- **Exercise input**
—————

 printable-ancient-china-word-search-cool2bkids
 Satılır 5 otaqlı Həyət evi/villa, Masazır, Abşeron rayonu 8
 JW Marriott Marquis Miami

—————

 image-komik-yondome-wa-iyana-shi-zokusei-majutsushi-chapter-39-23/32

—————

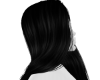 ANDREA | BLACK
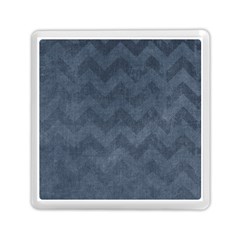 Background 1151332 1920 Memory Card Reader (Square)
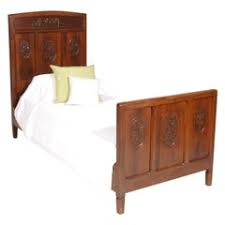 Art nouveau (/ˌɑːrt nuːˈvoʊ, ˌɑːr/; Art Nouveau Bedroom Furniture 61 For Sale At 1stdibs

—————

Set down, exactly as they stand above, the lines starting with the line with "printable-ancient-china-word-search-cool2bkids" and going on through the line with "JW Marriott Marquis Miami", and no others.

 printable-ancient-china-word-search-cool2bkids
 Satılır 5 otaqlı Həyət evi/villa, Masazır, Abşeron rayonu 8
 JW Marriott Marquis Miami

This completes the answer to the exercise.